Supreme Court set for August hearing of petitions challenging Centre's decision to deport Rohingya refugees to Myanmar
Initially, two Rohingya immigrants had moved the apex court in 2017 challenging the move to deport to Rohingyas on various grounds, including that it violated international human right conventions.
The Supreme Court on Tuesday said that it would accord final hearing in August on a batch of petitions challenging the Centre's decision to deport illegal Rohingya Muslim immigrants to Myanmar
The top court is also seized of petitions which support the government's stand to deport over 40,000 Rohingyas, who fled to India after violence in the western Rakhine state of Myanmar
The Centre had questioned the bonafides and motives of the NGOs and individuals seeking facilities for the Rohingya refugees
New Delhi: The Supreme Court on Tuesday said that it would accord final hearing in August on a batch of petitions challenging the Centre's decision to deport illegal Rohingya Muslim immigrants to Myanmar.

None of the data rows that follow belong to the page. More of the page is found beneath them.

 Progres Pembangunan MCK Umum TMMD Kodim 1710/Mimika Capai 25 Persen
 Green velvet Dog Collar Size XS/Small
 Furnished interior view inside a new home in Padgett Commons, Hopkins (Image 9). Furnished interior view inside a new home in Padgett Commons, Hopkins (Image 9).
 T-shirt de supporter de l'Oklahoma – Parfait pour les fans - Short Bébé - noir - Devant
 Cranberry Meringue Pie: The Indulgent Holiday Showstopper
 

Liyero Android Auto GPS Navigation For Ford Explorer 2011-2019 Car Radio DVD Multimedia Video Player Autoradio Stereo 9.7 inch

The top court is also seized of petitions which support the government's stand to deport over 40,000 Rohingyas, who fled to India after violence in the western Rakhine state of Myanmar and are settled in Jammu, Hyderabad, Haryana, Uttar Pradesh, Delhi-NCR and Rajasthan.
A bench comprising Chief Justice Ranjan Gogoi and Justices Deepak Gupta and Aniruddha Bose asked the counsel for the parties to submit their written submissions in the meantime.

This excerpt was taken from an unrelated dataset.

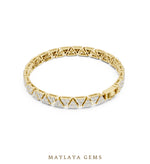 Load image into Gallery viewer, Maylaya Gems men's diamond bracelet — Yellow Gold
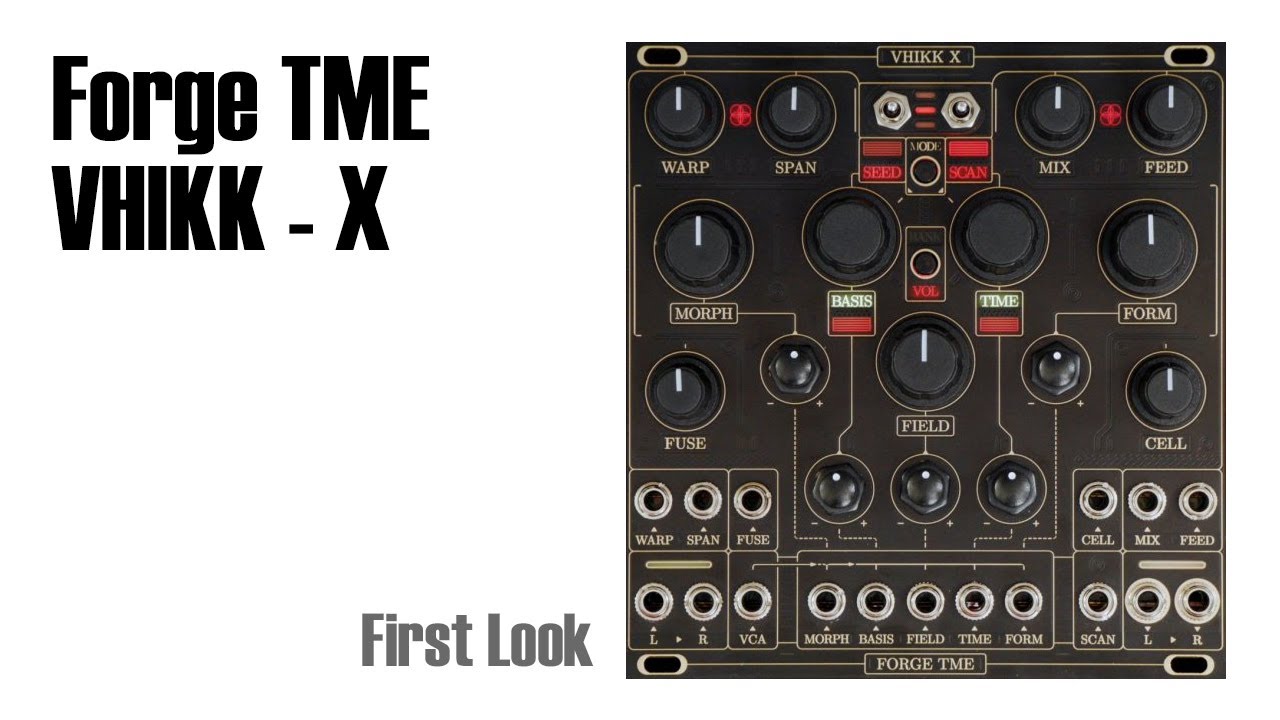Forge TME VHIKK X - First look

"Pleadings are complete. Parties are required to file brief written submissions," the bench said adding that the date of final hearing would be notified shortly by the registry.
Initially, two Rohingya immigrants — Mohammad Salimullah and Mohammad Shaqir, who are registered refugees under the United Nations High Commission of Refugees (UNHCR), had moved the apex court in 2017 challenging the move to deport to Rohingyas on various grounds including that it violated international human right conventions.

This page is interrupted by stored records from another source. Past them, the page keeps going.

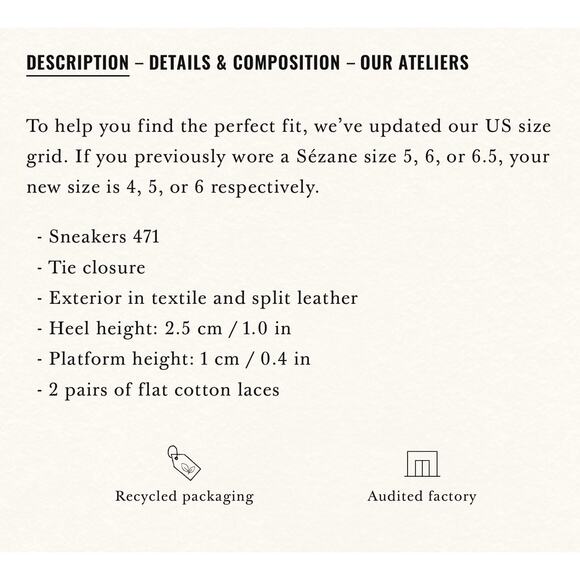 Sezane x New Balance 471 - Ecru/Brown Size US Male 6 / EU Women 38.5✨ - Picture 5 of 11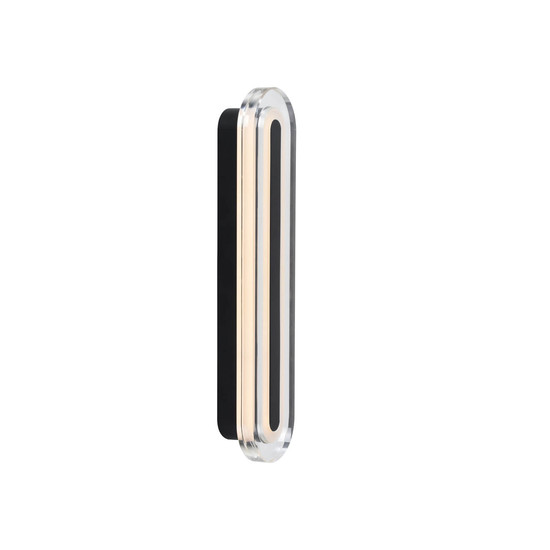 Nordlux LED Wandleuchte Cavara Schwarz dimmbar 550lm 3000/4000K CCT warm-, neutralweiß 90Ra 35cm IP44 Metall 2610201003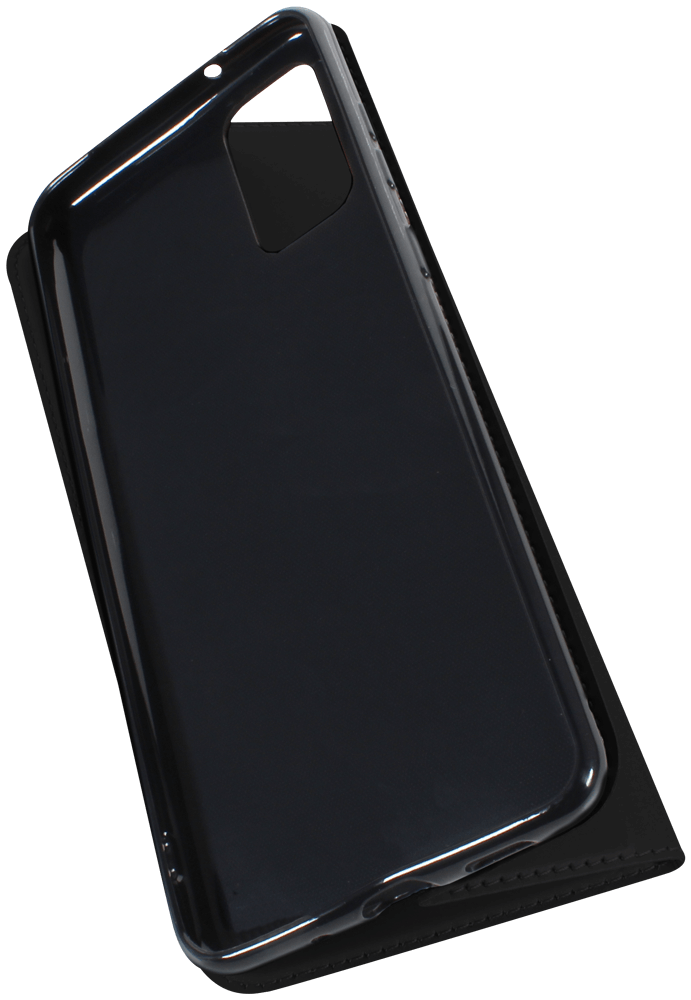 Samsung Galaxy S20 Plus (SM-G985F) oldalra nyíló flipes bőrtok elől-hátul mágneses fekete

"Proposed deportation is contrary to the constitutional protection of Article 14 (Right to Equality), Article 21 (Right to Life and Personal Liberty) and Article 51(c) of the Constitution of India, which provides equal rights and liberty to every person. This act would also be in contradiction with the principle of 'Non-refoulement', which has been widely recognised as a principle of customary international law," the plea said.
The principle of 'Non-refoulement' prohibits States from transferring or removing individuals from their jurisdiction when there are substantial grounds for believing that the person would be at risk of irreparable harm upon return, including persecution, torture, ill-treatment or other serious human rights violations.
The plea had also sought a direction that Rohingyas be provided "basic amenities to ensure that they can live in humane conditions as required by international law".
Another petition was filed by one Jaffar Ullah alleging unhygienic situation at refugee camps in Haryana, Rajasthan and Jammu and Kashmir.
The Centre had questioned the bonafides and motives of the NGOs and individuals seeking facilities for the Rohingya refugees, and stated that there is no discrimination between Indians and outsiders in providing health and education facilities.
BJP leader and advocate Ashwini Upadhaya, one of the petitioners, has filed the plea supporting the Government's stand and said "few NGO's are posing more threat to the unity of the country than enemy country like Pakistan."